The key issue over the impact of the ruling is premium rises for women.
Kevin Carr Consulting managing director Kevin Carr says: “The ruling probably will not end up benefiting women in terms of protection.”
Women currently get lower premiums for life insurance than men because of longevity figures but women’s premiums will rise by an estimated 10-20 per cent, according to the ABI.
But while women’s life costs will rise to the same level as men’s, their income protection costs will fall. Women are more likely to claim on an IP policy, so currently pay higher premiums than men.
After the ruling takes effect on December 2012, this will no longer be a factor but does this mean that what women lose in life insurance discounts they gain in income protection reductions?
Not exactly, says Carr. “I do not think the rates will meet in the middle,” he says. “IP will not equate the loss on life cover for two reasons. First, the sales of life cover grossly outweigh the sales of IP, with 10 times more life policies being sold across the UK each year.
“Second, in life insurance the price differential is between male and female, whereas in IP it can vary. Occupation makes a bigger impact on IP premiums than sex, so it is sometimes dearer for men and sometimes dearer for women. This means there will not be anyone who definitely benefits from the European Court ruling in terms of IP and the loss of life cover will affect women more, without a doubt.”

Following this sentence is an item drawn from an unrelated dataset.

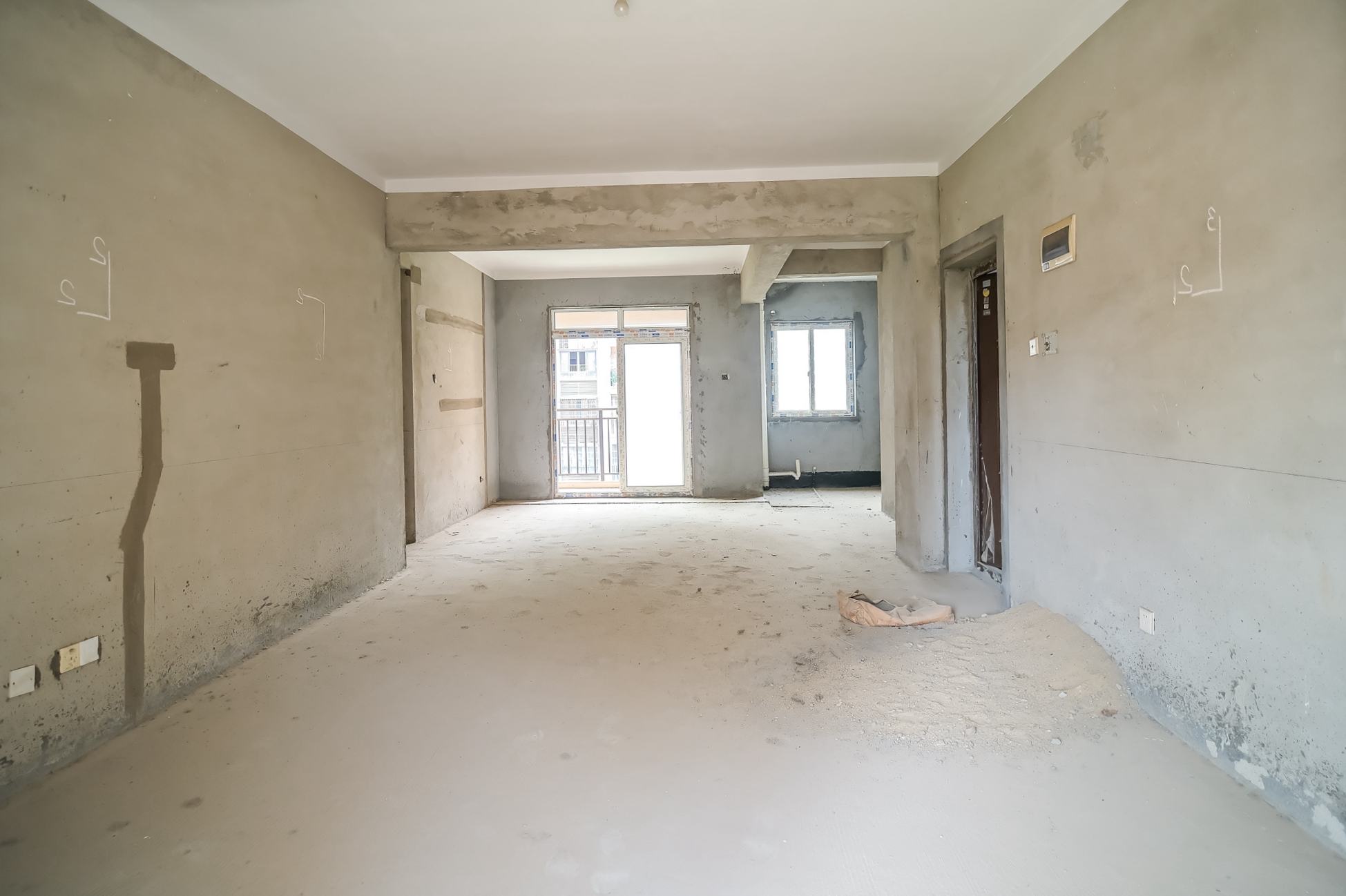 山水湾 3室2厅2卫 85.0万 山水湾 3室2厅2卫 85.0万客厅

But Brodie disagrees, not because he thinks any gains made in IP will balance out life insurance losses, but because he believes the industry is overreacting.
He says: “I do not think the rate increases in life cover for women are going to be as bad as people think. I cannot conceive that the worst-case scenario being interpreted at the moment will be enacted.
“I think all that is going to happen is the ruling is going to rattle insurers’ cages and they will go away and look at the books and say, maybe we can make these small adjustments. I don’t think Joe Consumer will see any difference in rates and women certainly will not be worse off.”
Carr says: “It is one thing saying, I am a man and she is a woman and we should pay the same for life insurance but the European Court has to realise that regulation must apply across an industry, and that is still up in the air.”
Brodie feels that further clarification is needed before the industry can decide on a course of action.
Either way, the main routes available to life providers - pulling out of the market temporarily or automatically defaulting rates to create standardised premiums - do not look like they will benefit either men or women.
Carr says: “I wonder if those two chaps from Brussels have ever regretted this can of worms they have opened.”